• _Exercise description_:
Please reproduce the entries below exactly, leaving the pictures out.

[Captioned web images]
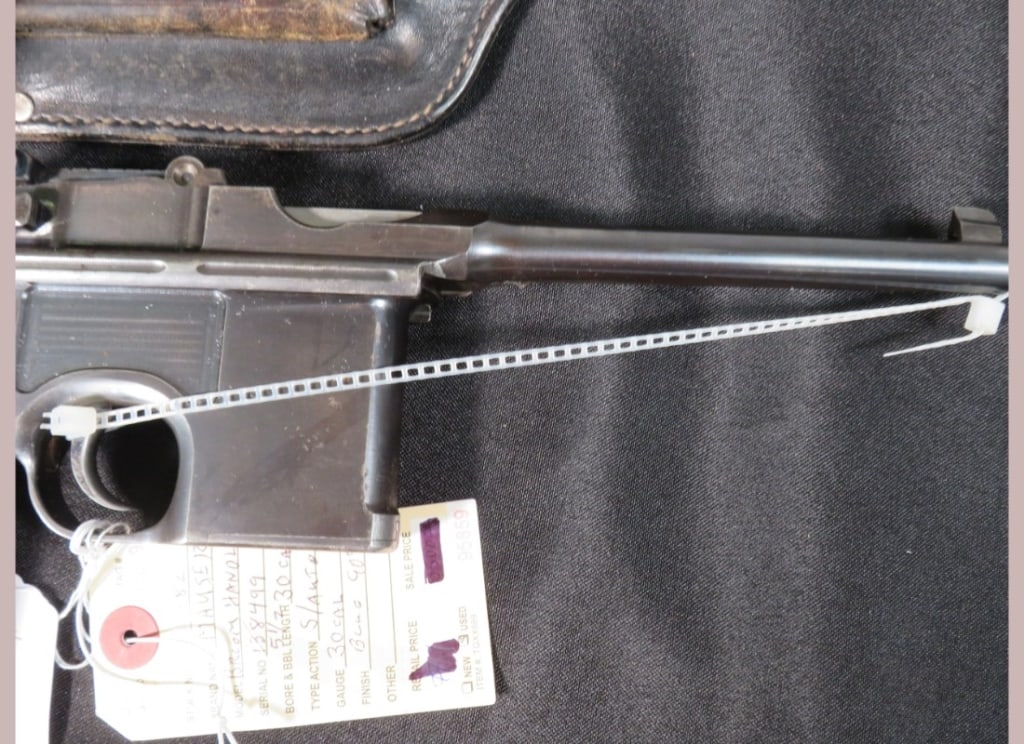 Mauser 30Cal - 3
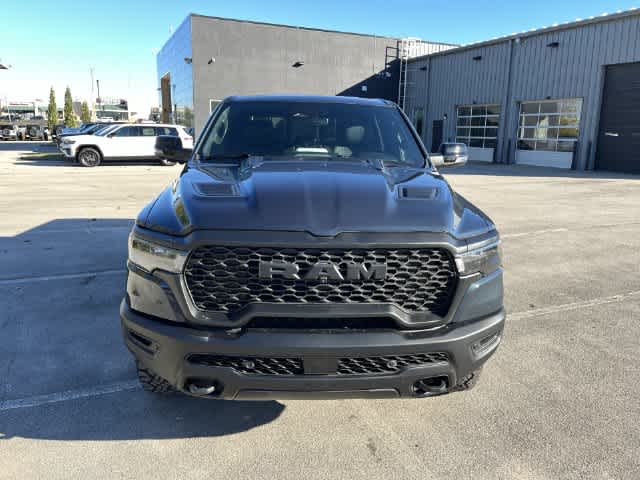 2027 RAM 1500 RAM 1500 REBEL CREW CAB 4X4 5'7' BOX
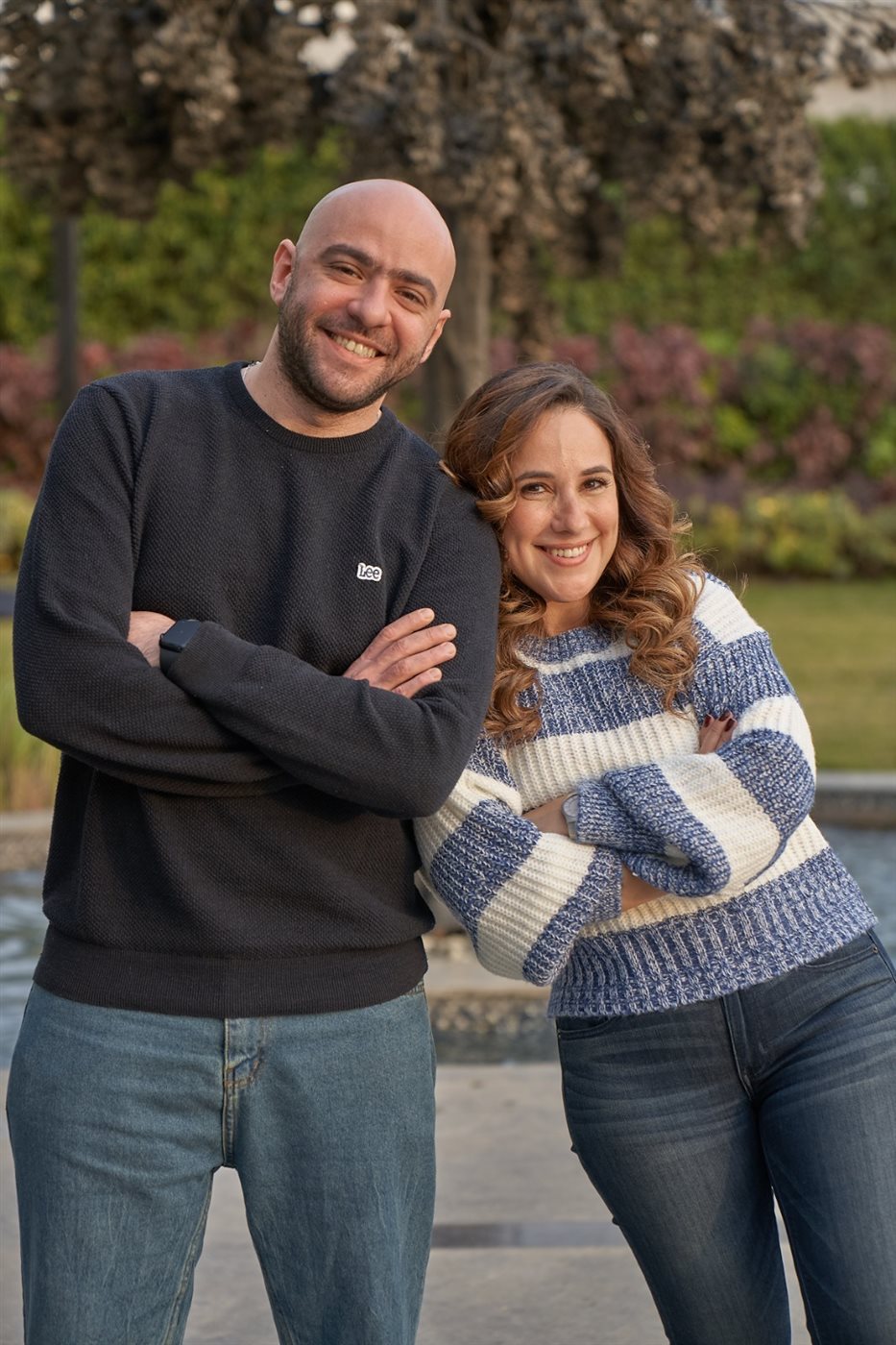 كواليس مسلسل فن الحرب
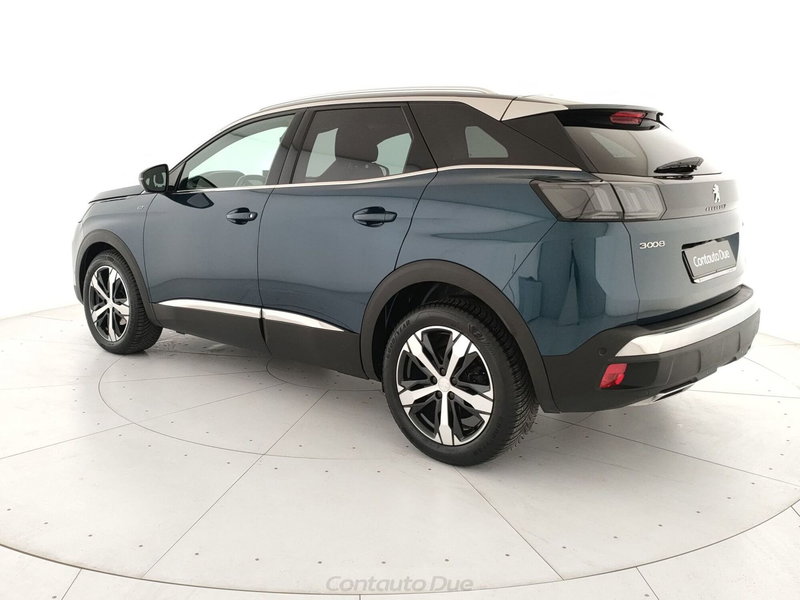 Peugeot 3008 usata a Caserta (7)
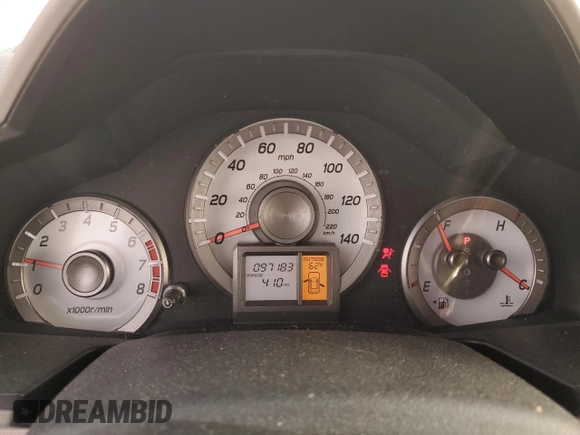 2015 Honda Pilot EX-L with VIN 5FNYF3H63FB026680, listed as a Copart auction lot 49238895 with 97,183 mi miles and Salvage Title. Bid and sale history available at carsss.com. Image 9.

• _Result of this exercise_:
 Mauser 30Cal - 3
 2027 RAM 1500 RAM 1500 REBEL CREW CAB 4X4 5'7' BOX
 كواليس مسلسل فن الحرب
 Peugeot 3008 usata a Caserta (7)
 2015 Honda Pilot EX-L with VIN 5FNYF3H63FB026680, listed as a Copart auction lot 49238895 with 97,183 mi miles and Salvage Title. Bid and sale history available at carsss.com. Image 9.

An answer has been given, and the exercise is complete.